▶ WHAT IS BEING ASKED
What do the lines say from the start of the entries through the one containing "ワンピースアニメ柄スプライスエリアラグ、リビングルームのコー - Flooring"? Repeat them exactly.

GIVEN INFORMATION: Begin

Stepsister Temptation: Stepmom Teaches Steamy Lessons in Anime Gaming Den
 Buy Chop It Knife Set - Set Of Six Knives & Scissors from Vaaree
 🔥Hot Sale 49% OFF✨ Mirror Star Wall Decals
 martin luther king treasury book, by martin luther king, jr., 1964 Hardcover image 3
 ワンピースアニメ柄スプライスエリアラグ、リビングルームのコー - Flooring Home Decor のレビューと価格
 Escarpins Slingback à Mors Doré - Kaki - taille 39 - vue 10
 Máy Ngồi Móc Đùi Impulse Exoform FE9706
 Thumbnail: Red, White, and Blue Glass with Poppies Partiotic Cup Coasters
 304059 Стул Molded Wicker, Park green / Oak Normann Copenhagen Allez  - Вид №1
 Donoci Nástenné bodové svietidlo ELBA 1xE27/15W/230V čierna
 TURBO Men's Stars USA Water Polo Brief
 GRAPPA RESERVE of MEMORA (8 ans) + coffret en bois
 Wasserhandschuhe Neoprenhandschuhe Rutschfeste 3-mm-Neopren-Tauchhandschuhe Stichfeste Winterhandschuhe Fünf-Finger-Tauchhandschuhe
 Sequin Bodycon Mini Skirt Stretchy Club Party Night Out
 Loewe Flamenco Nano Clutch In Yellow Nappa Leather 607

GIVEN INFORMATION: End

▶ ANSWER FOR THE TASK
Stepsister Temptation: Stepmom Teaches Steamy Lessons in Anime Gaming Den
 Buy Chop It Knife Set - Set Of Six Knives & Scissors from Vaaree
 🔥Hot Sale 49% OFF✨ Mirror Star Wall Decals
 martin luther king treasury book, by martin luther king, jr., 1964 Hardcover image 3
 ワンピースアニメ柄スプライスエリアラグ、リビングルームのコー - Flooring Home Decor のレビューと価格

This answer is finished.